[About this exercise]
Every record below should be copied exactly, with the pictures left out.

[Recorded data]
·····
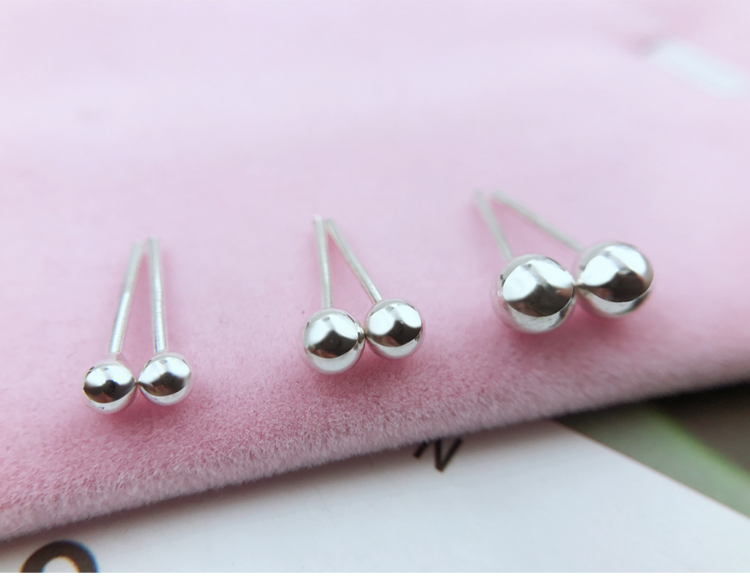 美思迪meisidi999足银女学生豆豆圆珠银耳钉弯钩简约耳饰气质耳环4mm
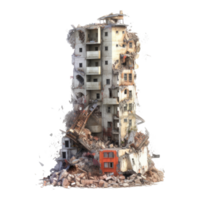 Destroyed skyscraper after earthquake isolated on transparent background - collapsed building with debris png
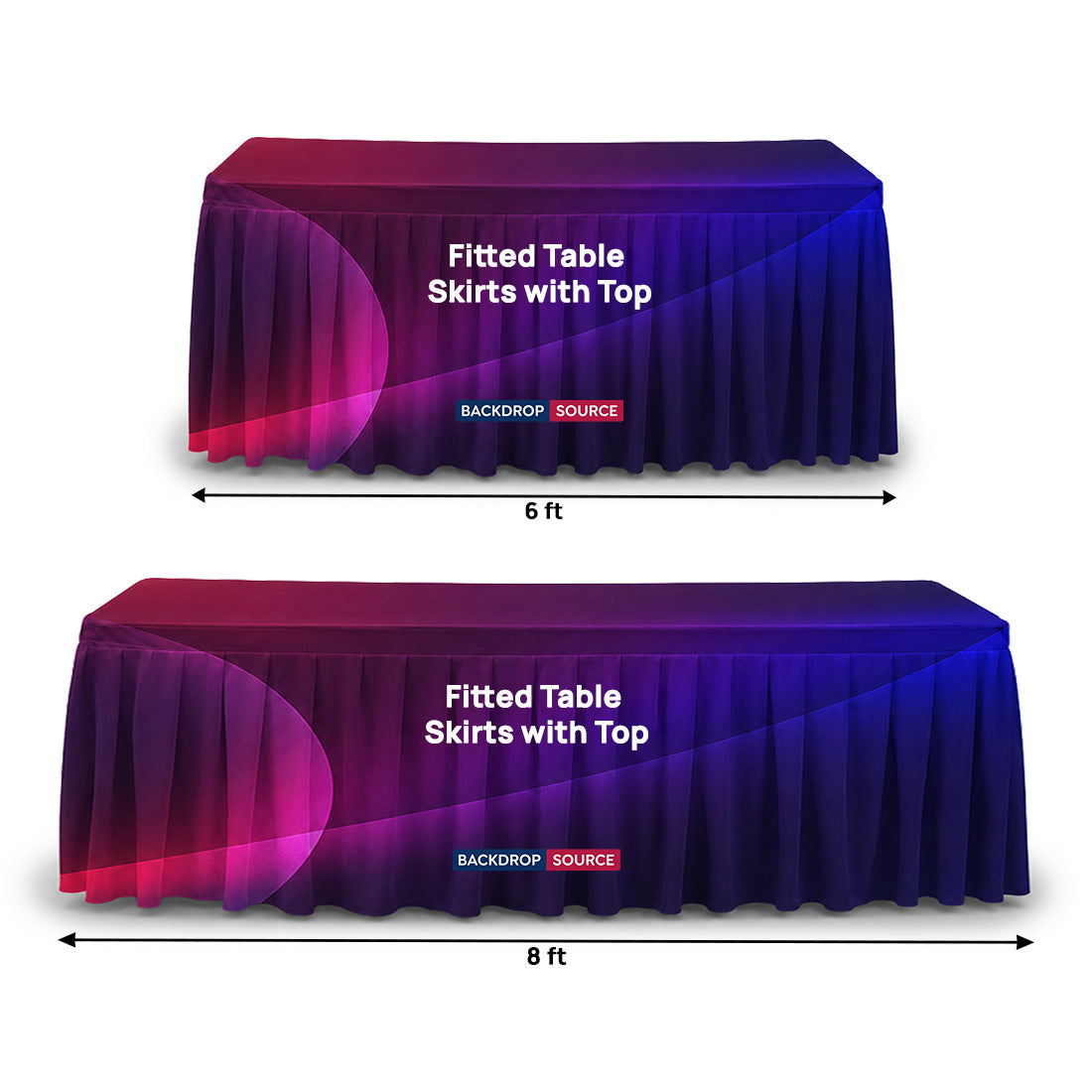Custom Fitted Table Skirts with Top
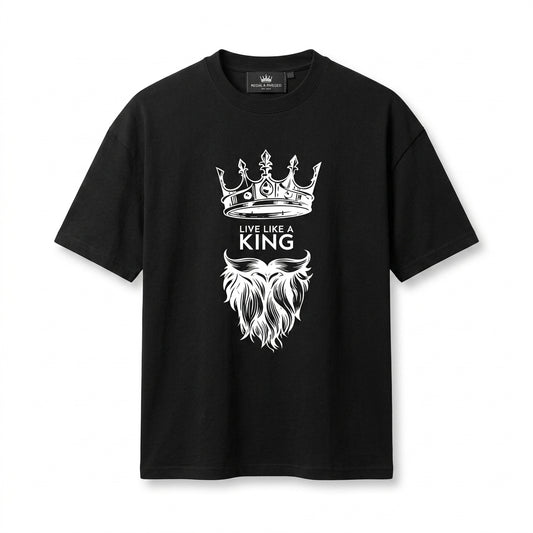 Men's Black Cotton Printed T-Shirt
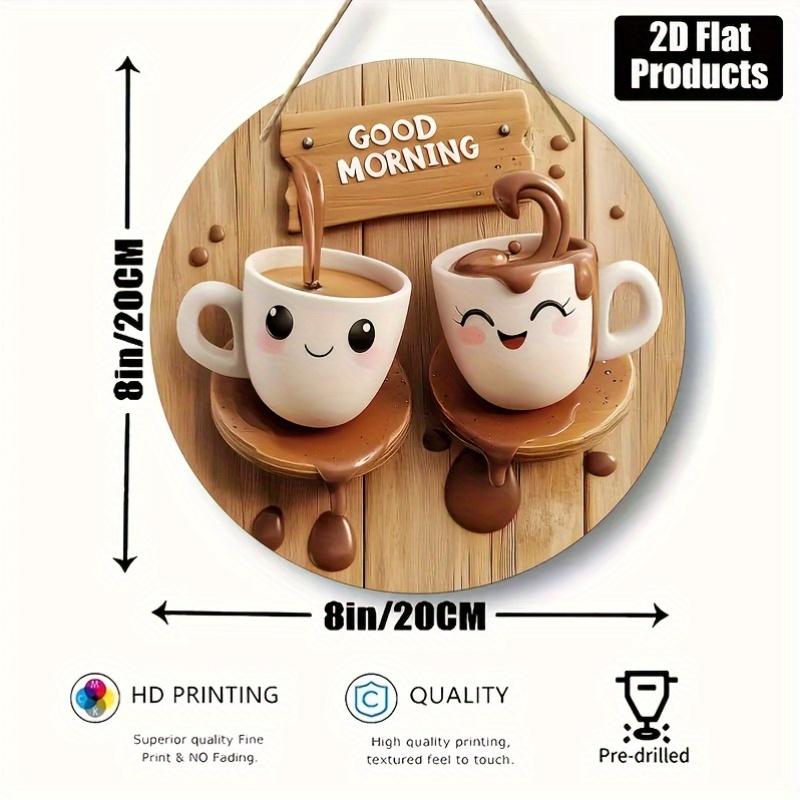 1PC 2D Flat, Vintage Tea Theme Wooden Wall Hanging, 8x 8inch - Fantasy Cup and Plate Design, with "Good Morning" Message, Perfect for Kitchen, Coffee Shop, Home, Living Room, and Office Decoration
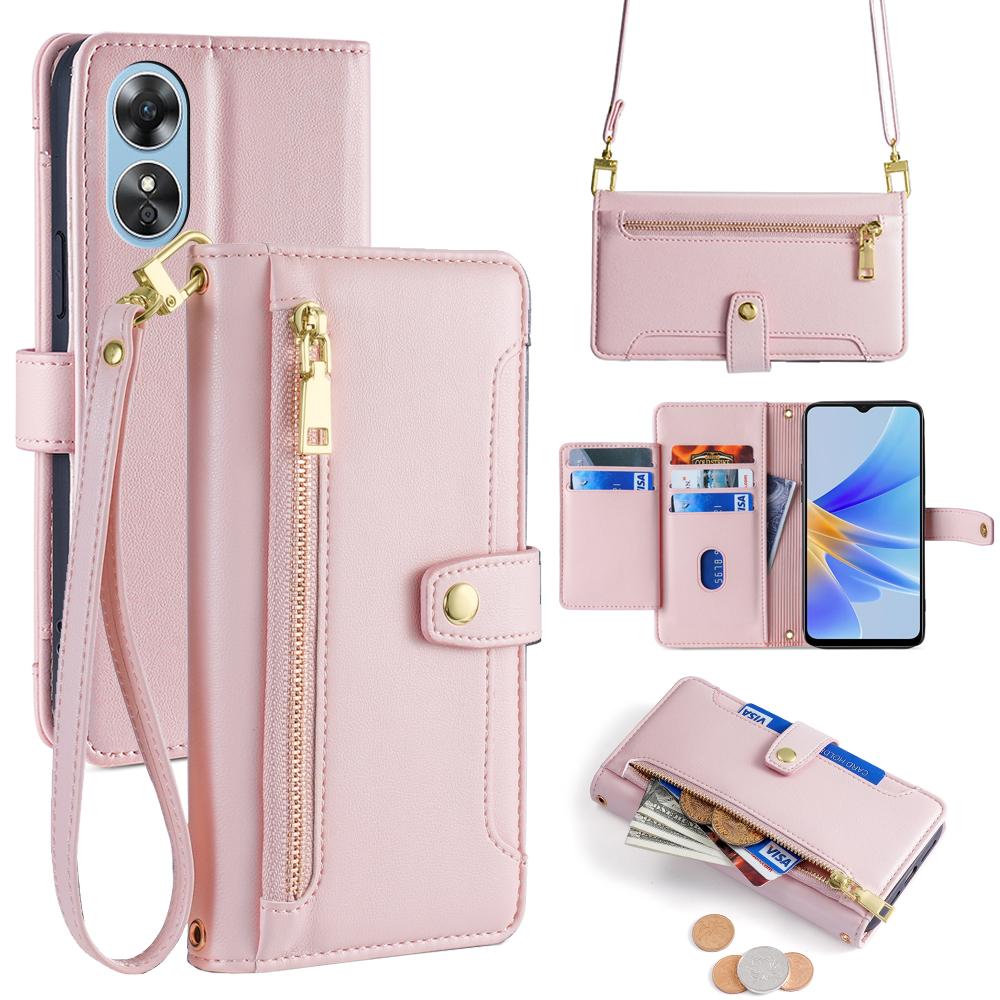 

For Oppo A17 4G Case Zipper Pocket Leather Mobile Phone Drop-proof Cover with 2 Straps E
·····
[Response]
 美思迪meisidi999足银女学生豆豆圆珠银耳钉弯钩简约耳饰气质耳环4mm
 Destroyed skyscraper after earthquake isolated on transparent background - collapsed building with debris png
Custom Fitted Table Skirts with Top
 Men's Black Cotton Printed T-Shirt
 1PC 2D Flat, Vintage Tea Theme Wooden Wall Hanging, 8x 8inch - Fantasy Cup and Plate Design, with "Good Morning" Message, Perfect for Kitchen, Coffee Shop, Home, Living Room, and Office Decoration

For Oppo A17 4G Case Zipper Pocket Leather Mobile Phone Drop-proof Cover with 2 Straps E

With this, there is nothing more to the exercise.